=== DATA UNDER STUDY ===
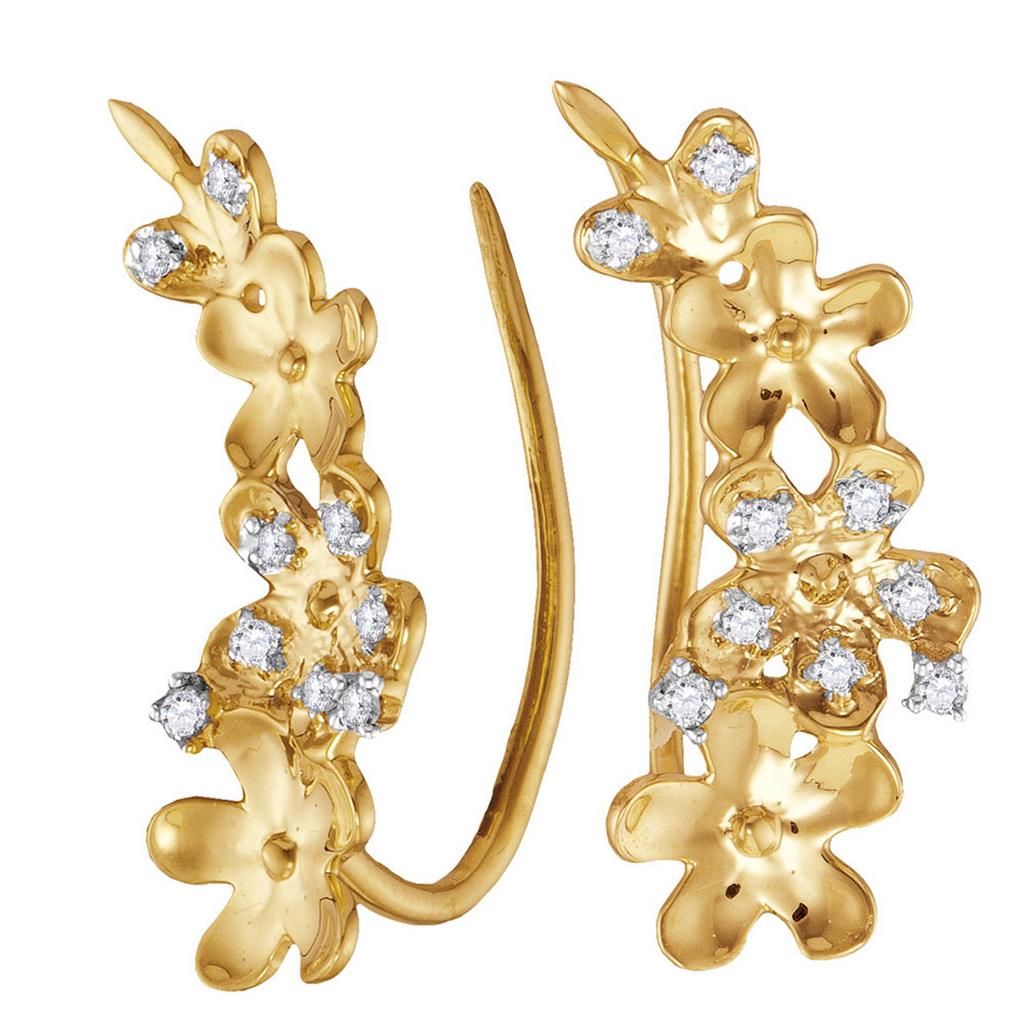 Image of ID 1 10k Yellow Gold Round Diamond Floral Climber Earrings 1/10 Cttw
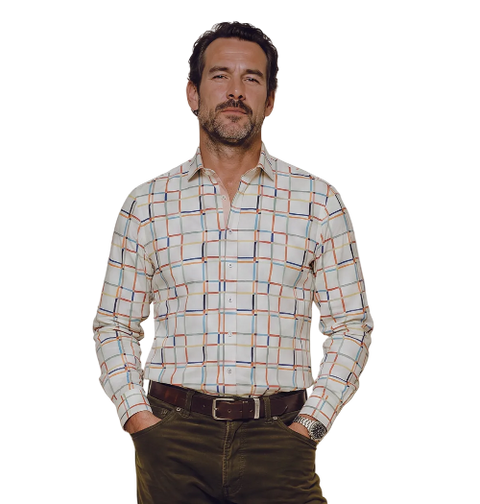 A Fish Named Fred - Line Art LS Check Shirt - White/Multi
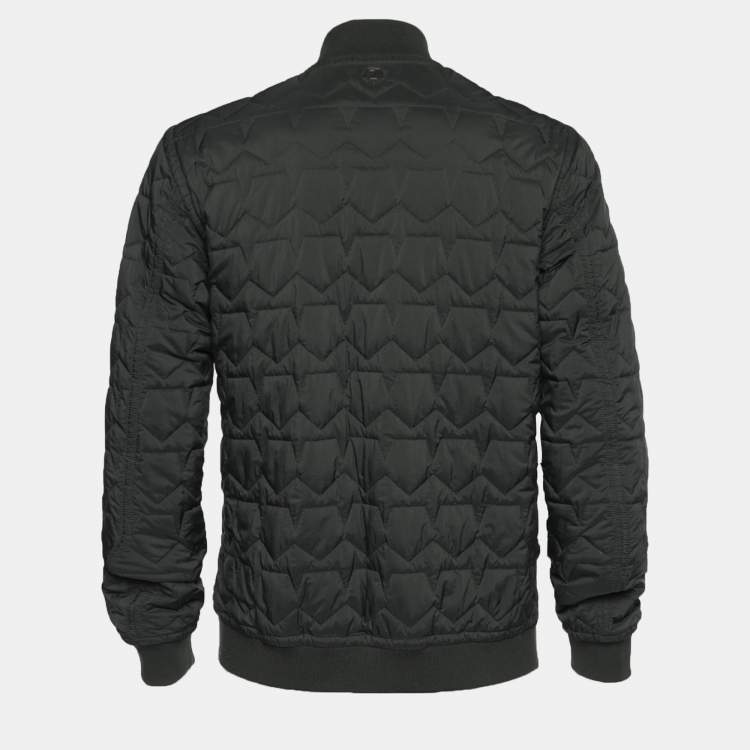 Pre Owned Z Zegna Bicolor Quilted Water Repellent Reversible Bomber Jacket XL
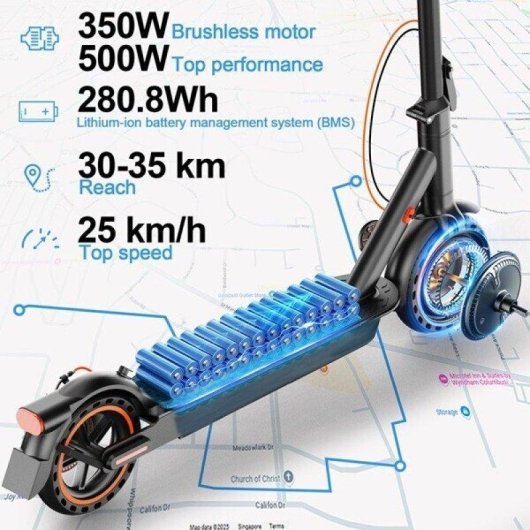 Patinete électrique Todimart T3s 350W Autonomie 30km Roues 8,5'' Intermitents Noir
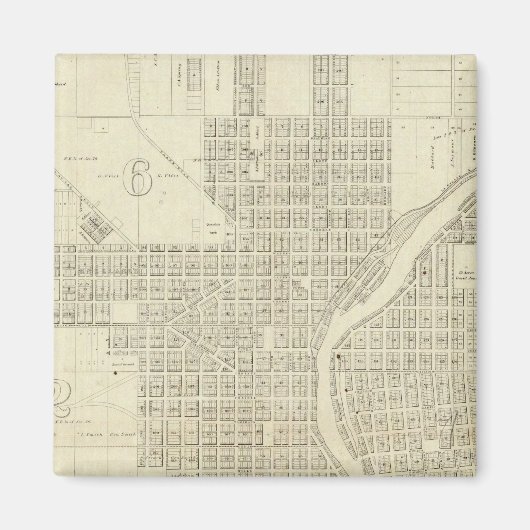 ミルウォーキーの地図 マグネット (正面)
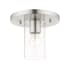 Livex Lighting Zurich Single Light 9" Wide Flush Mount Ceiling Fixture Brushed Nickel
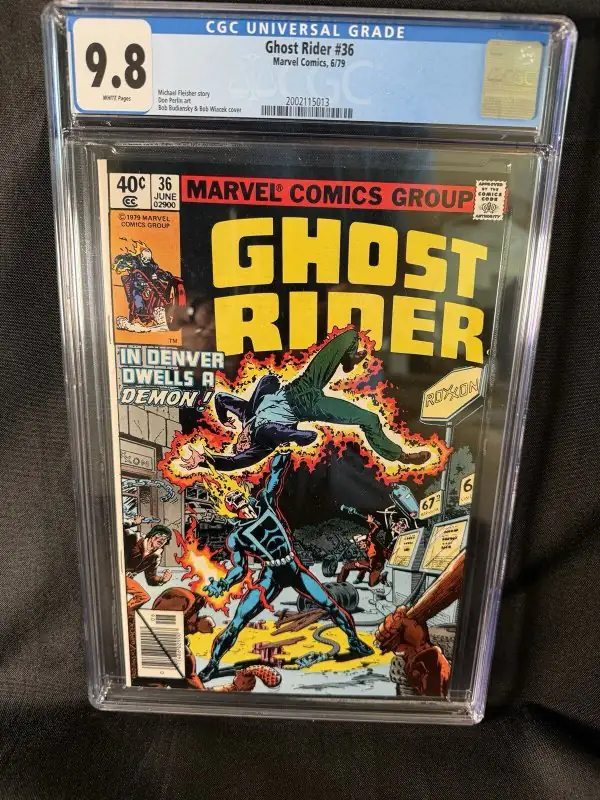 Ghost Rider #36 (Marvel Comics, 1979), CGC 9.8 graded comic book, Universal Blue label — front cover in its holder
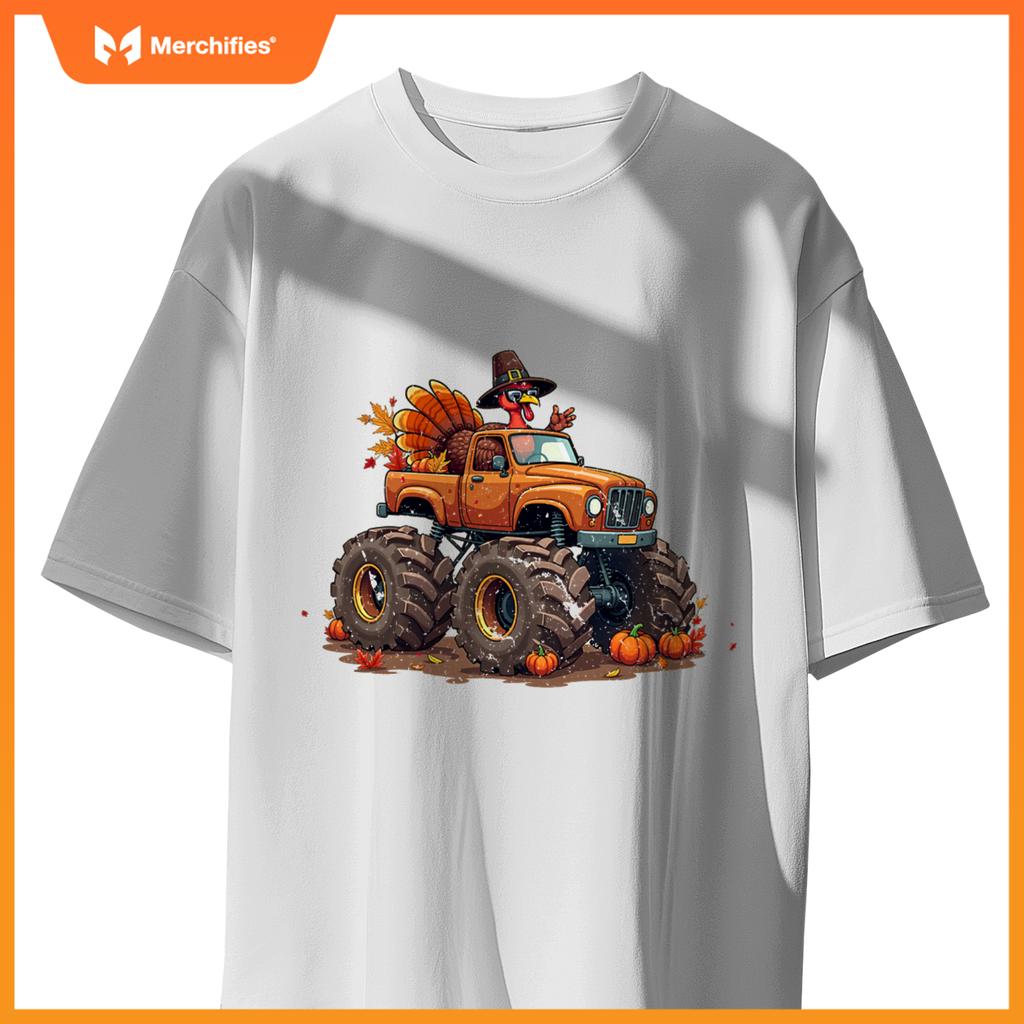 Thanksgiving Turkey Monster Truck youth Boys Kids toddlers T-Shirt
===
INSTRUCTIONS FOR THE TASK => Output the material above word for word. Leave out its images.

THE COMPLETED TASK =>
 Image of ID 1 10k Yellow Gold Round Diamond Floral Climber Earrings 1/10 Cttw
 A Fish Named Fred - Line Art LS Check Shirt - White/Multi
 Pre Owned Z Zegna Bicolor Quilted Water Repellent Reversible Bomber Jacket XL
 Patinete électrique Todimart T3s 350W Autonomie 30km Roues 8,5'' Intermitents Noir
 ミルウォーキーの地図 マグネット (正面)
 Livex Lighting Zurich Single Light 9" Wide Flush Mount Ceiling Fixture Brushed Nickel
 Ghost Rider #36 (Marvel Comics, 1979), CGC 9.8 graded comic book, Universal Blue label — front cover in its holder
 Thanksgiving Turkey Monster Truck youth Boys Kids toddlers T-Shirt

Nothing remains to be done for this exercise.